Occlusions and Partial Faces: Addressing occlusions, such as hair, glasses, or hands covering parts of the face, is a significant challenge when either trying to crop a face from an image or detect face landmarks. Detecting and accounting for these occlusions is crucial to ensure the cropped face includes the complete facial features required for accurate detection. Advanced techniques like occlusion detection and additional preprocessing steps can assist in handling these situations but it is usually more efficient to simply ensure that the user is aware of the face detection limitations and should avoid covering their face when possible.

With the above in mind, we tried two ways of cropping.

Center Cropping: This is the easiest to implement. We simply crop the largest possible square from the center of the image with its height equal to its width (when the images are in portrait orientation). To prevent the user from accidentally moving their face outside of this area we can overlay guidelines on the video image to indicate to the user the ideal position for their face. This method relies on the user to accurately position their face in the optimal location at the correct distance. If the user has difficulty with this, then we can change to Center Padding. This method adds a buffer area to the left and right of the image to turn the rectangle into a square. In this way, the user’s face will never be accidentally cropped but, by increasing the size of the image we will be reducing its accuracy.

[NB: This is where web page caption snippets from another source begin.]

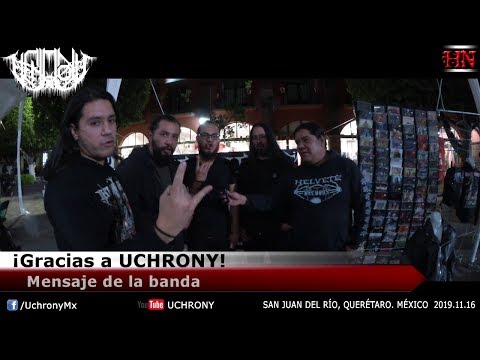 Entrevista con UCHRONY @ San Juan del Río, Querétaro. México [2019.11.16]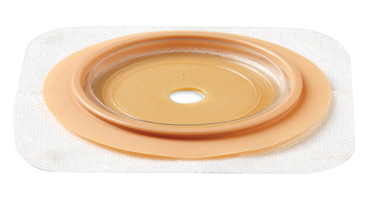 PLACCA NATURA+ PIANA RITAGLIABILE IN IDROCOLLOIDE STOMAHESIVE E CEROTTO POROSO FLANGIA 45 MM 5 PEZZI - Farmamood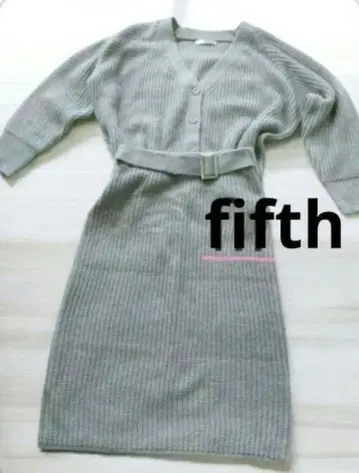 fifth 귀여운 큼직하게 짠 니트 셋업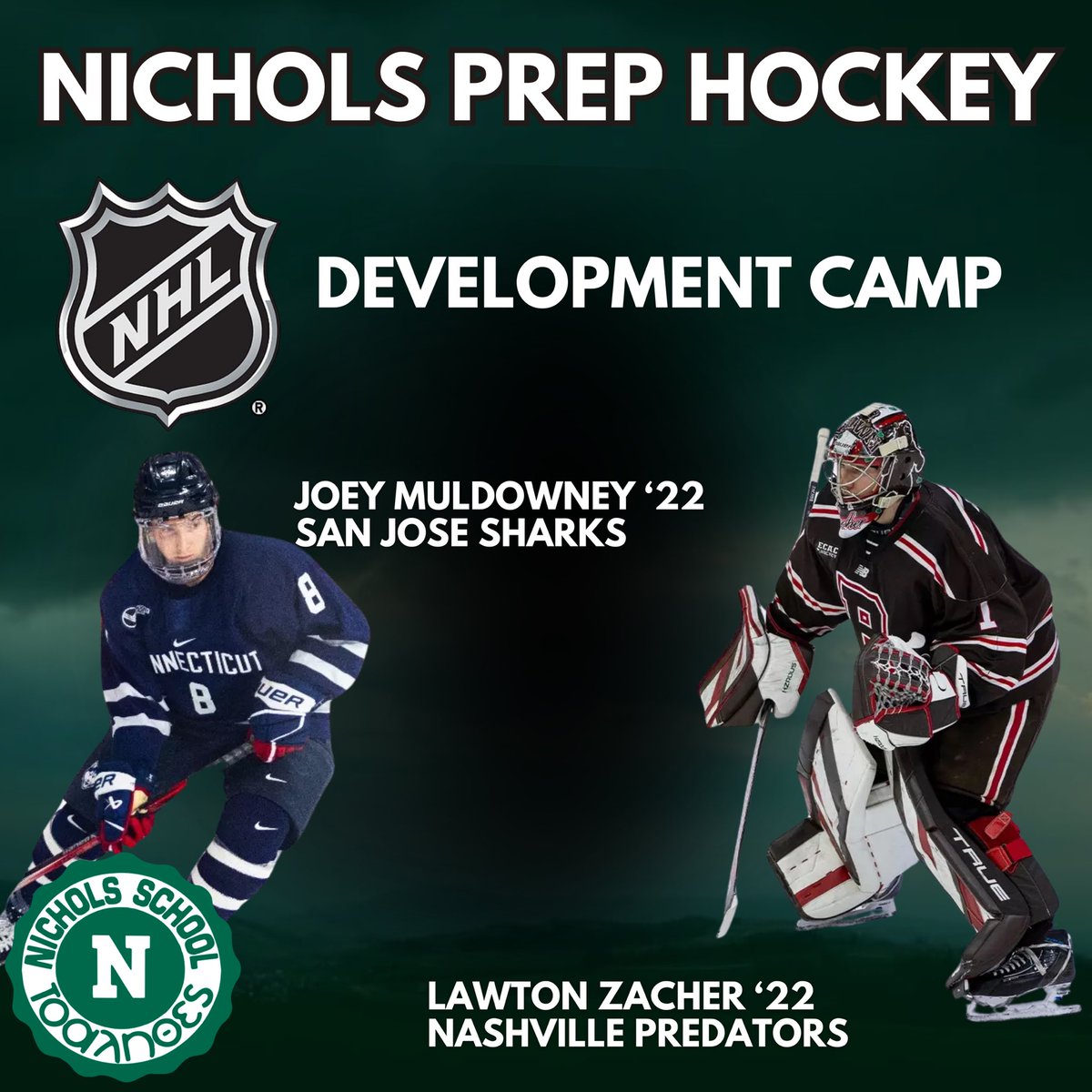 Happy 4th of July and a special congratulations and good luck from the Nichols Hockey family to Lawton Zacher ‘22 and Joey Muldowney ‘22 at their respective NHL Development Camps! #FollowTheSpearhead #Vitua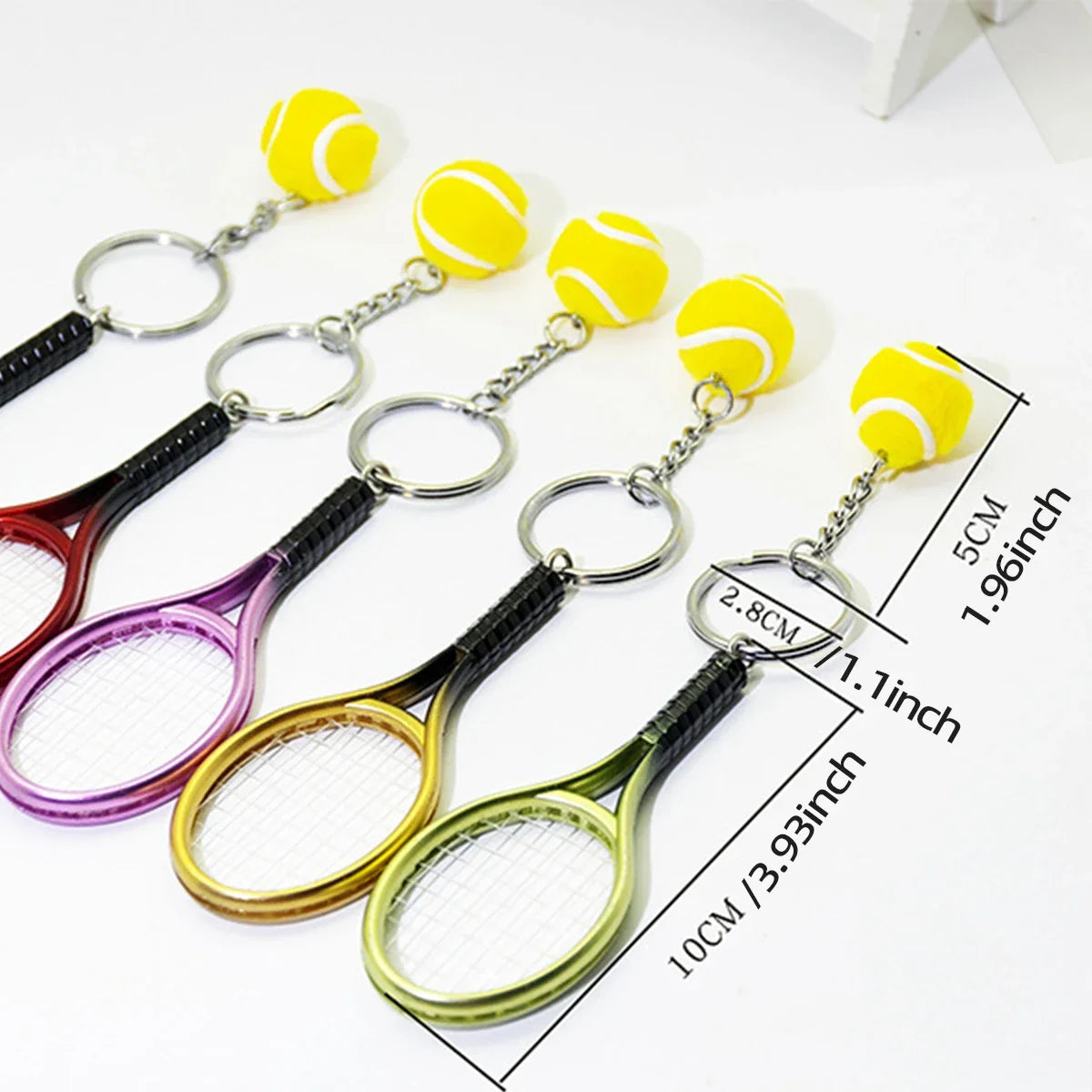 Golf Ball Key Chain Top Grade Metal Keychain Car Key Chain Key Ring Sporting Goods Sports Gift for Man Souvenir Ball Key Ring
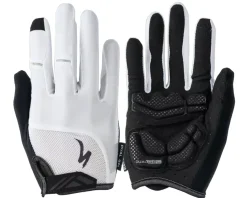 Specialized Clothing Accessories|Women's Body Geometry Dual-Gel Long Finger Gloves (White) (S)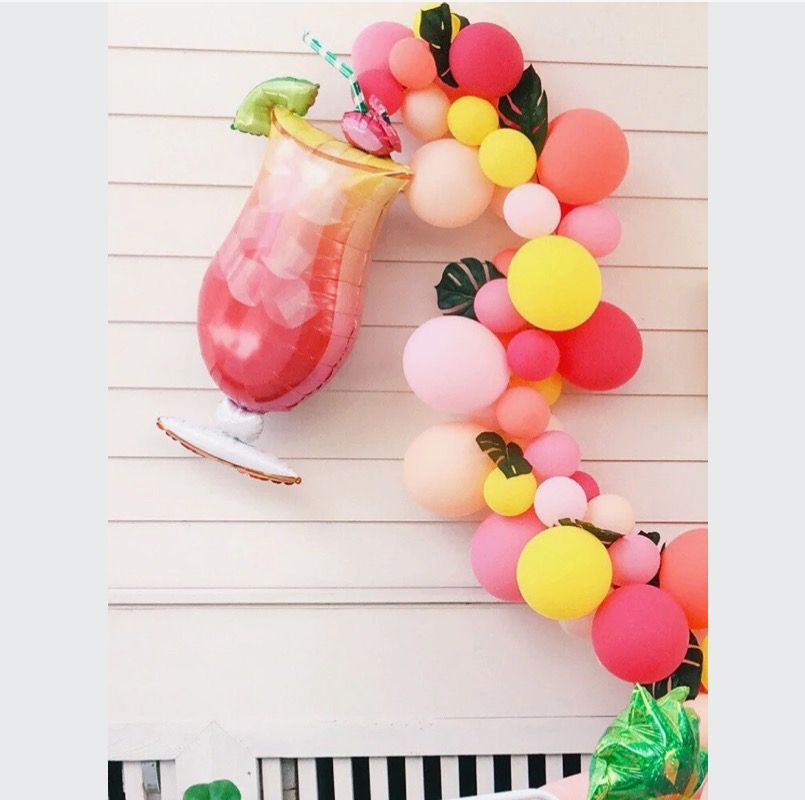 Cocktail balloon garland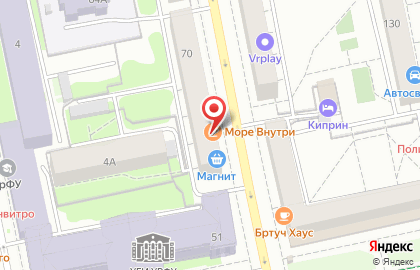 Супермаркет Магнит на улице Мамина-Сибиряка на карте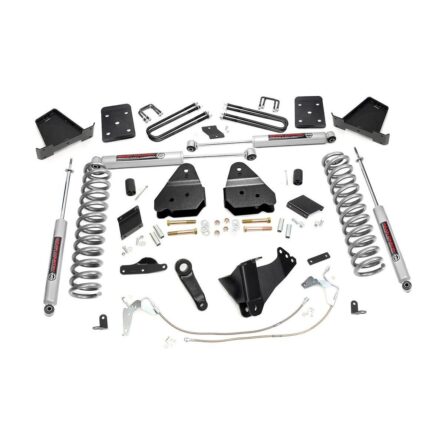 Rough Country 6 Inch Lift Kit - Gas - OVLD - Ford Super Duty 4WD (2015-2016)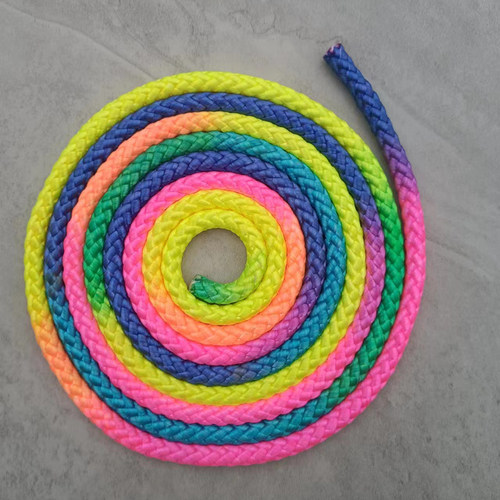 尼龙七彩艺术体操绳体操道具健身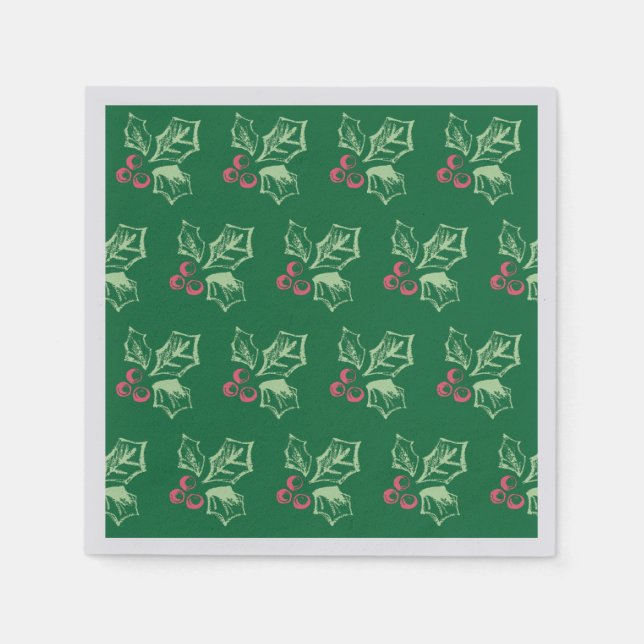 Servilleta De Papel Toallas del patrón Chalk Mistletoe (Anverso)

Center Padding (left) vs Center Cropping (right): Padding will always contain the face but increases the size of the image with unnecessary space. Cropping is more space efficient but has the risk of losing part of face. Devices with very tall and thin screens will also have much more padding.

Face Detection Cropping: This uses a face detection model to determine the precise position of the whole face (without individual face landmarks) and will return a bounding rectangle with an origin: (x, y) and a size: (width, height). This will usually result in a rectangle that will probably need to be padded out on the right and left sides to make a square. We should avoid cropping the top and bottom of the rectangle to get a square, as this will remove the chin, etc, that may confuse the face landmark model. The advantage of this method is that the cropped area will only contain the face area giving the face landmark model the most accurate image possible.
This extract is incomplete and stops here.